À l’est d’Alep

La situation des forces opposées au pouvoir de Bachar-el-Asad dans les quartiers Est de la ville d’Alep ne cesse de se détériorer et ce sont les civils qui en payent le prix fort. Dans cette guerre fratricide, on ne peut que songer au roman de Steinbeck, adapté au cinéma par Elia Kazan, « à l’Est d’Éden », dont le titre est basé sur une citation de la Bible : « Caïn se retira de devant l’Éternel et séjourna dans le pays de Nôd, à l’Est d’Éden ».

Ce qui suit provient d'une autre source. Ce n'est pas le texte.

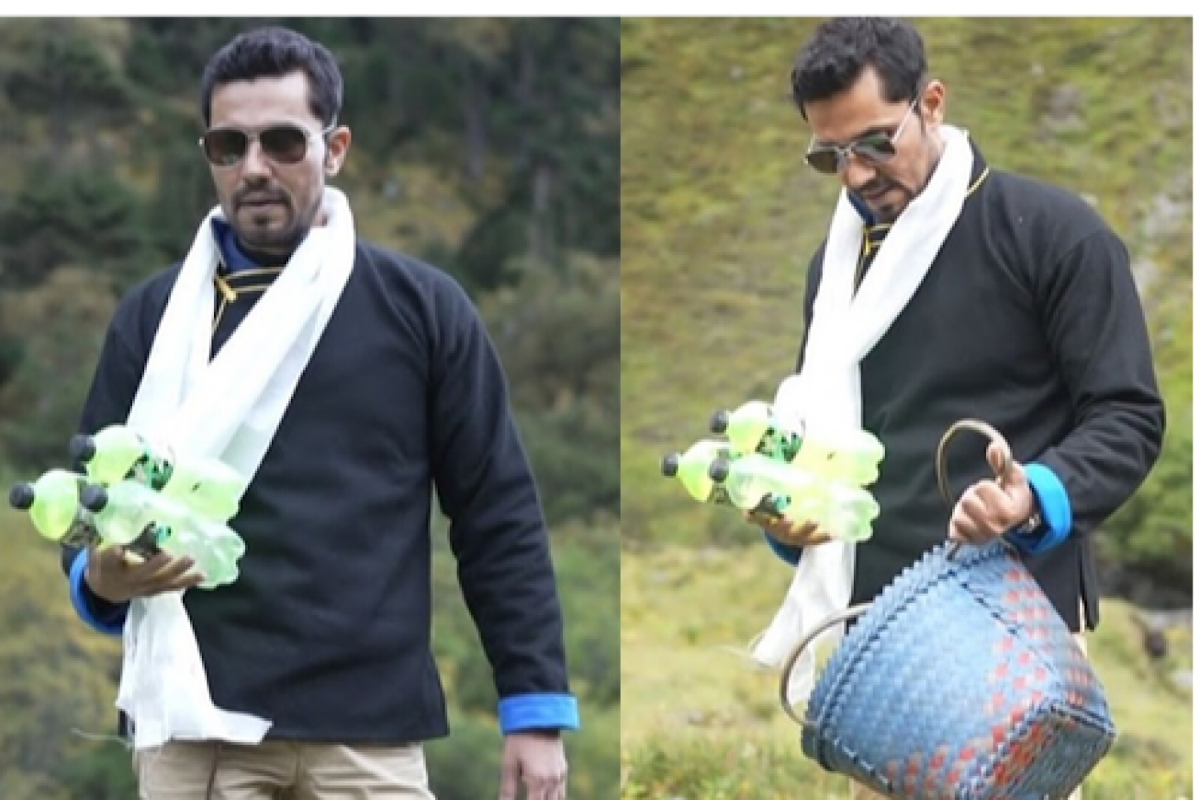 Randeep Hooda carries out clean-up drive at Mago village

Selon la Genèse, Caïn a tué son frère Abel par jalousie, parce que ses offrandes plaisaient plus à Dieu que les siennes. Dans la guerre moderne qui oppose un tyran à son peuple, las de subir la répression et de ne pas pouvoir exprimer son opinion, la partie semblait équilibrée et les forces en présence sensiblement égales. L’intervention russe en faveur du dictateur syrien est en passe de lui faire remporter la victoire, en écrasant toute la partie Est de la ville d’Alep sous les bombes. Il n’y a pas de guerre propre, contrairement à ce que la propagande a pu vouloir faire croire pendant l’invasion de l’Irak avec le mythe des frappes chirurgicales. Mais dans cet épisode particulier, les frontières du cynisme absolu ont été franchies. Les frappes aériennes russes ont visé spécifiquement les écoles et les hôpitaux, y compris ceux des organisations humanitaires qui tentent de porter secours à la population. Le but avoué de ces bombardements était de terroriser les civils pour les inciter à fuir la ville et faciliter ainsi la progression des forces loyales à Bachar.

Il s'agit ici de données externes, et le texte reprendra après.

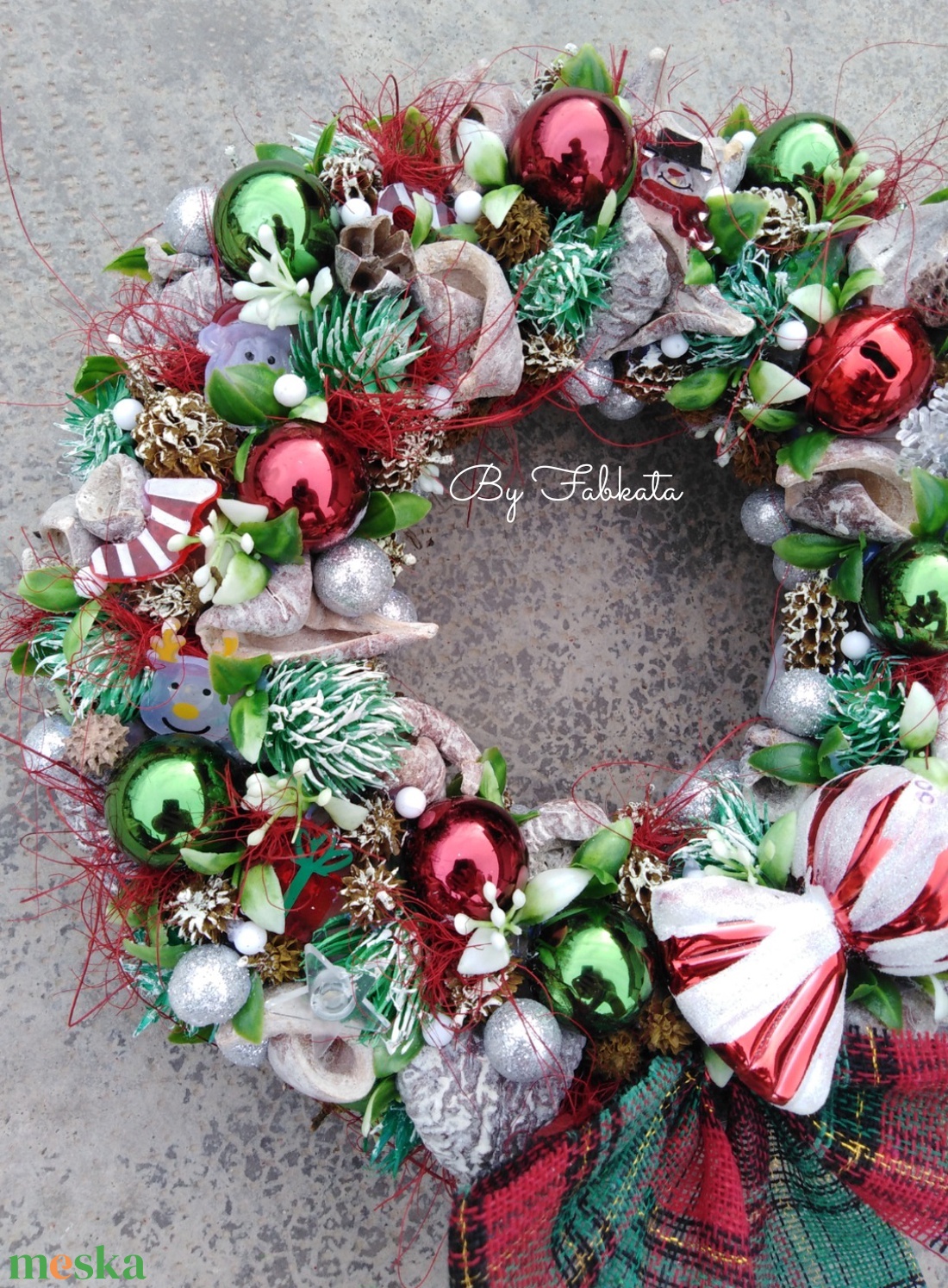 Klasszikus stílusú világítós adventi karácsonyi ajtódísz kopogtató 24cm koszorú  - karácsony - adventi díszek - adventi ajtódísz - Meska.hu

Des témoignages font même état de bombes chimiques permettant de débusquer les habitants réfugiés dans les caves et les forcer à sortir. Après avoir proposé des couloirs « humanitaires » pour forcer l’évacuation de la ville, le régime appuyé par Poutine organise un blocus destiné à affamer la population pour l’amener à une reddition sans condition. À ce train-là, la rébellion ne pourra pas tenir encore très longtemps et le massacre se poursuit sous les yeux d’une communauté internationale impuissante. C’est quand même l’honneur de la France, par la bouche de Jean-Marc Ayrault, que d’avoir demandé la réunion d’urgence du Conseil de sécurité de l’ONU pour essayer de venir en aide à la population de cette « ville-martyre ». Malheureusement, sa voix se heurtera comme d’habitude au droit de véto que la Russie ne manquera pas d’utiliser, et au manque de détermination d’un Obama qui vit ses dernières semaines à la Maison-Blanche. Moins que jamais les États-Unis ne sont prêts à envoyer des « boys » mourir pour sauver Alep. Et Poutine en profite cyniquement.